As a new Christian, I was curious about what the big deal was…but I soon found out. A crowd packed the stadium that night. Since Randy was away on temporary duty, our two young sons and I tagged along with some friends. We had seats up high in the stadium and no big screens to see close-up shots of the stage. But Rev. Graham’s message rang out loud and clear.
He presented the gospel simply and directly with his easy drawl. “Ya’ll come,” he said at the conclusion of his sermon. “Come just as you are.” Suddenly throngs of people streamed toward the field. Billy Graham encouraged people to keep coming. The hymn, “Just As I Am” accompanied the long lines of people going forward to accept Jesus as their Lord and Savior.
Let the Little Children Come
“Mommy, I have to go forward,” 5-year old Jeremy tugged at my hand.
“Oh, honey, ” I said to my young son, ” it’s wonderful that you want to go forward, but we can pray right here.” Making our way through the crowds and down onto the field seemed daunting.
Yet Jeremy insisted. “No, I need to go forward!”
I looked at my friends.
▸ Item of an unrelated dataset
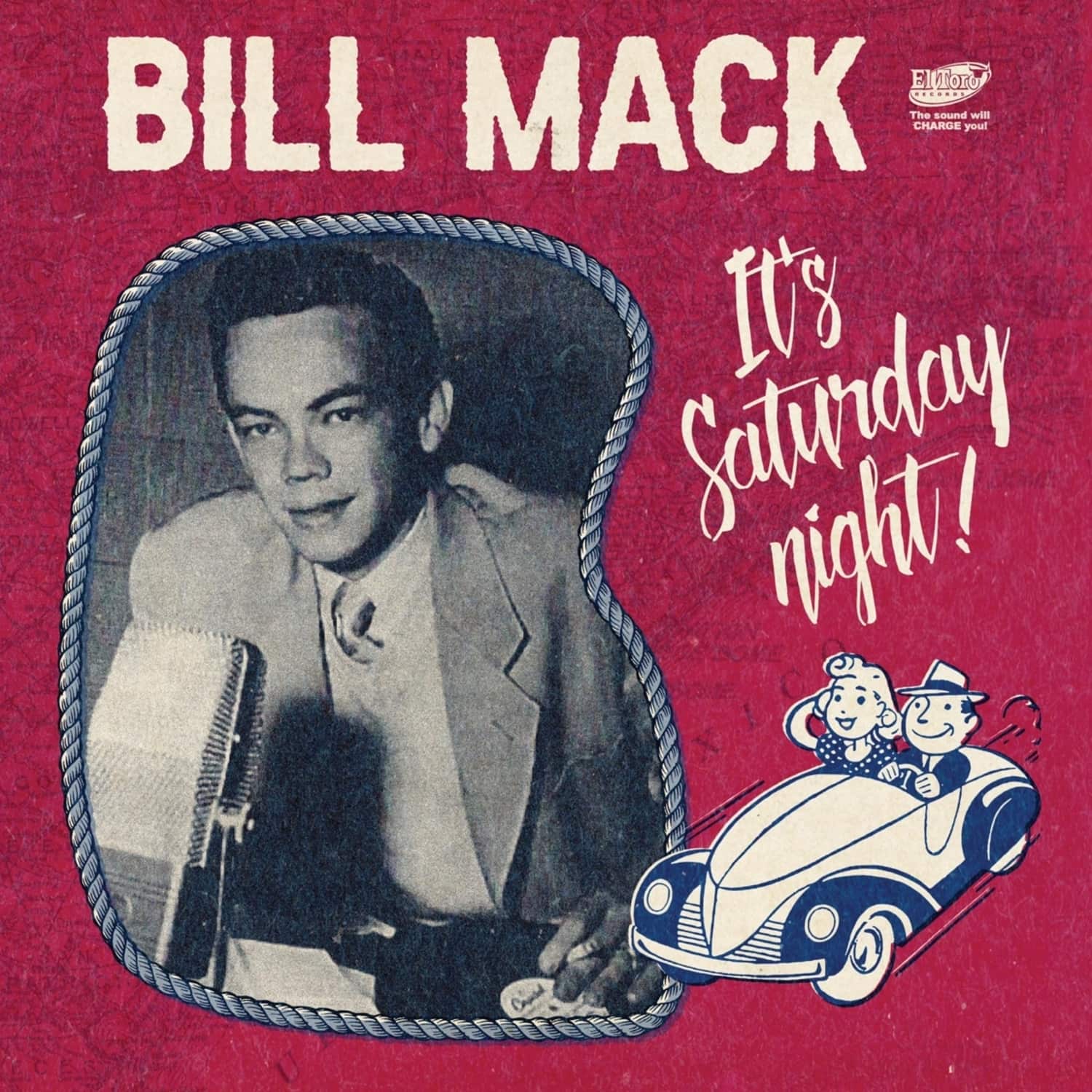 Bill Mack - IT S SATURDAY NIGHT! EP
How could we discourage this little guy? We all agreed. We inched our way down the stairs and onto the field. It was a moment I won’t ever forget. Hundreds of counselors waited for each person who came. Now I understood why this event required months of preparation. It wasn’t just about hearing an inspiring message. Making a decision to follow Jesus meant taking action and having a follow-up plan. Both of our sons became Christians that night. They each received a small red New Testament Bible, as Jeremy recently reminded me. That night on Okinawa, our faith grew wings. Two little boys, now grown men, have memories of the night when they gave their lives to Jesus Christ.
At his father’s service, Ned Graham, described his father as being F.A.T. –Faithful, Available, and Teachable. I’m thankful he was all three. Because Billy Graham came to a remote island many years ago, our lives were changed.